To top this all off, the document "Rebuilding America's Defenses: Strategy, Forces and Resources for a New Century," raises the spectre of a new type of biological weapon that selectively kills people according to their genes. In other words, weapons that can select people according to their ethnicity. Israel and Apartheid South Africa are reputed to have done research on this kind of weapon to use against their enemies in ethnic warfare. Now they find an exploratory endorsement in a document which lists Lewis Libby and Paul Wolfowitz as contributors, for an organization that names Dick Cheney, Donald Rumsfeld, George Weigel, Elliott Abrams, William Bennett, Jeb Bush, Norman Podhoretz, and others as endorsers. On page 60 it says the following.

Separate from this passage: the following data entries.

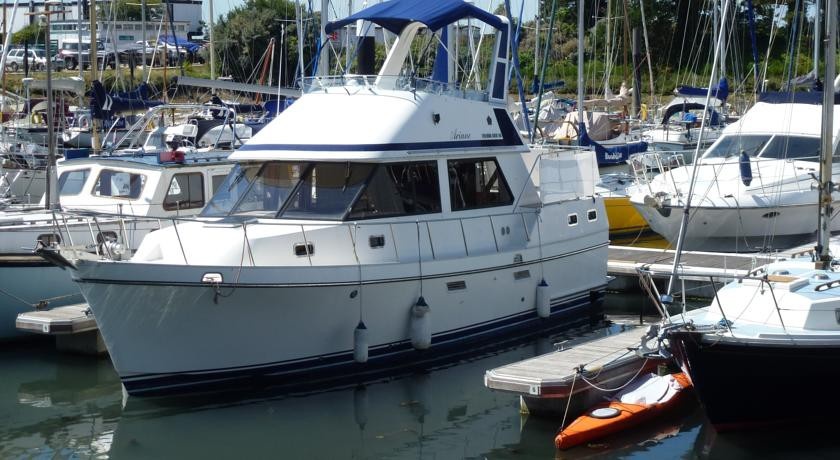 Ariane Classic Motor Yacht 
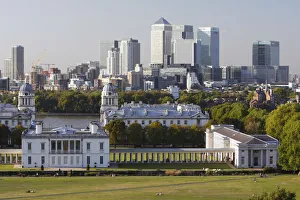 Office Building Collection: Canary Wharf from Greenwich Park, London, 2009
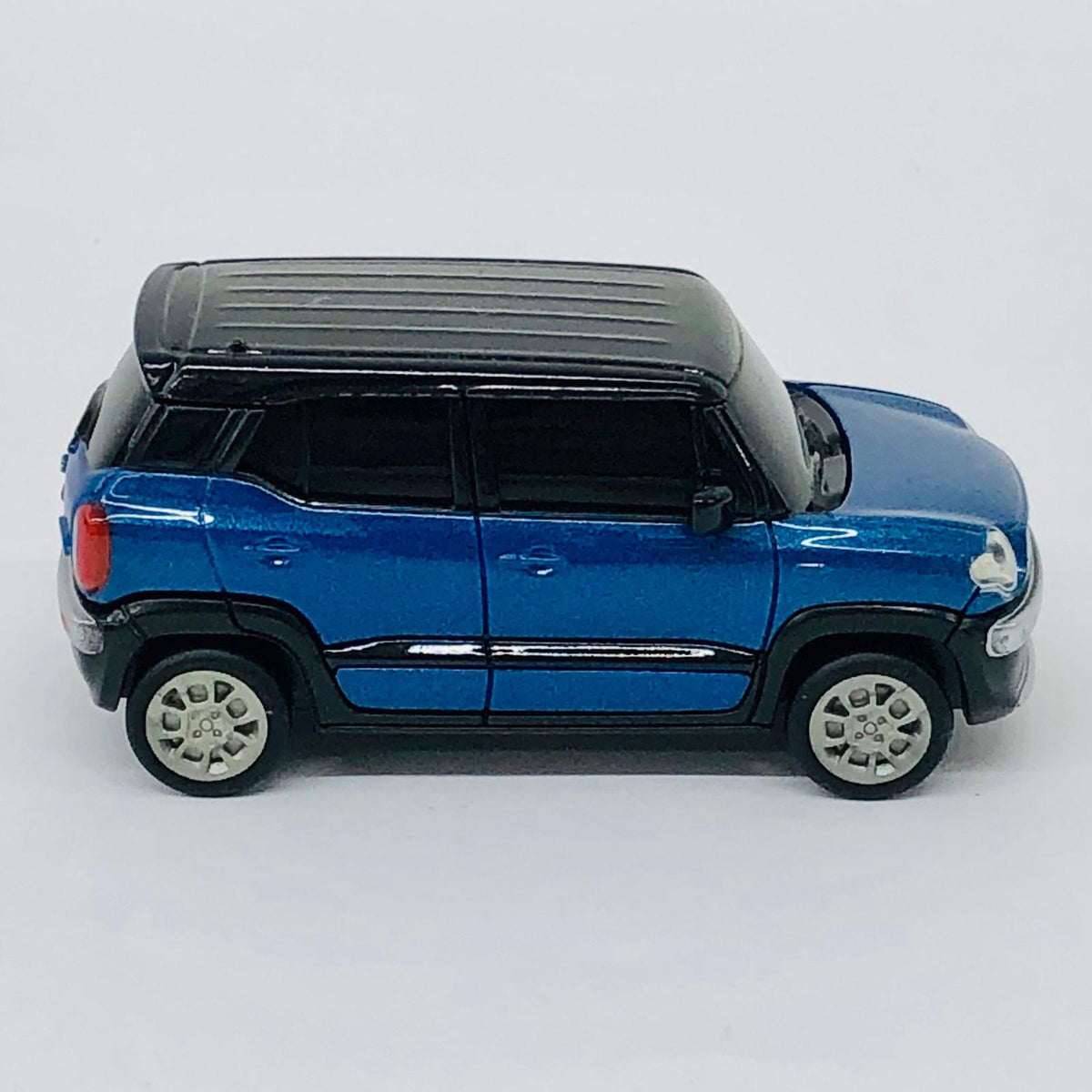 おもちゃ・玩具 SUZUKI XBEE(ブルー×グレー)プルバックカー 非売品 SUZUKI XBEE【加古川物流】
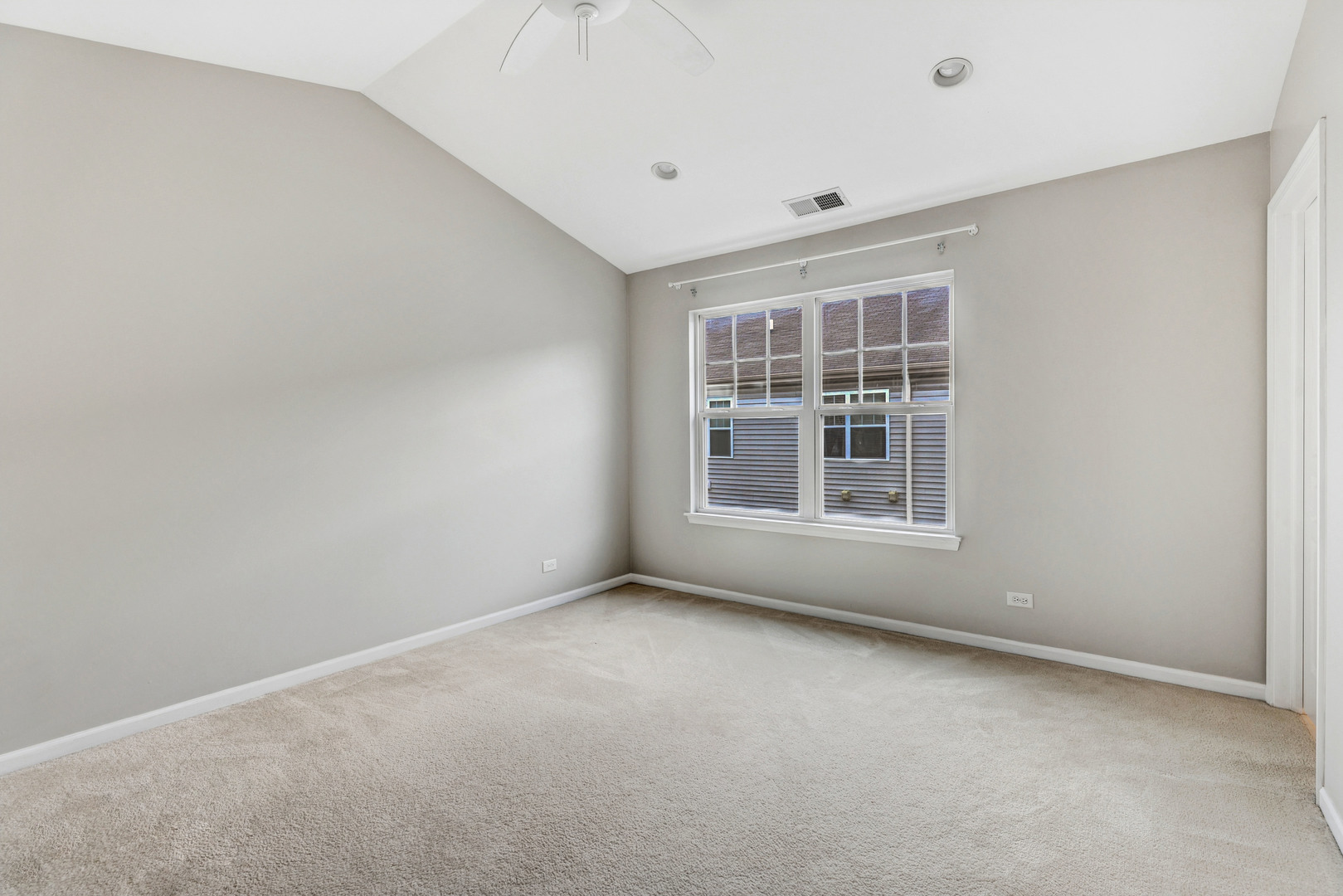 318 Laurel Avenue Property Photo 23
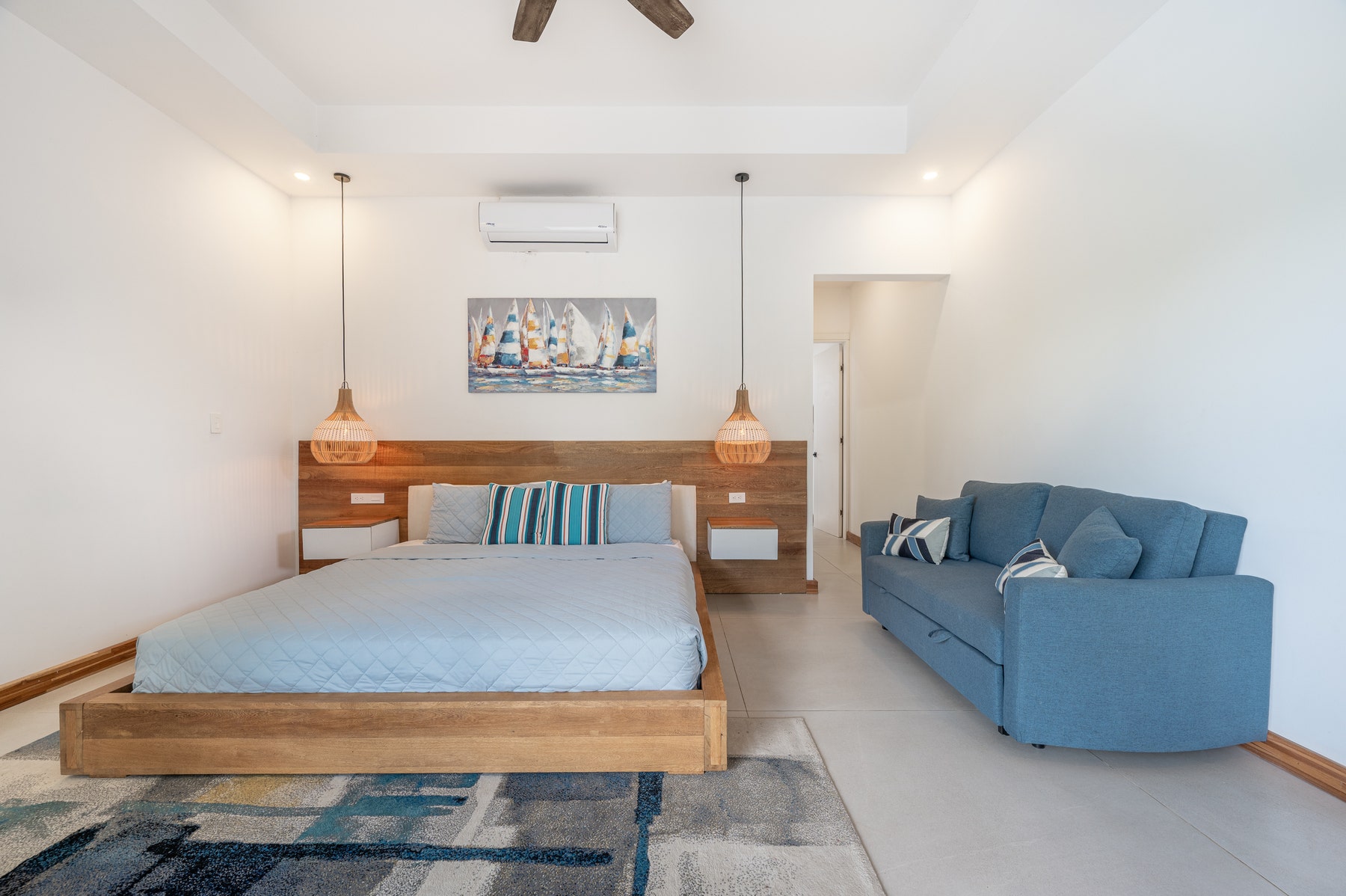 Contemporary Luxury Home — photo 11 of 19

And advanced forms of biological warfarethat can “target” specific genotypes may transform biological warfare from the realm of terror to a politically useful tool.


Is the U. S. government capable of such an act? Yes. Do I think the HIV virus is a creation of the government? No, but I can see why someone might be suspicious.

Jeremiah Wright is speaking up in a prophetic voice. I am thankful for his courage to say what he is saying.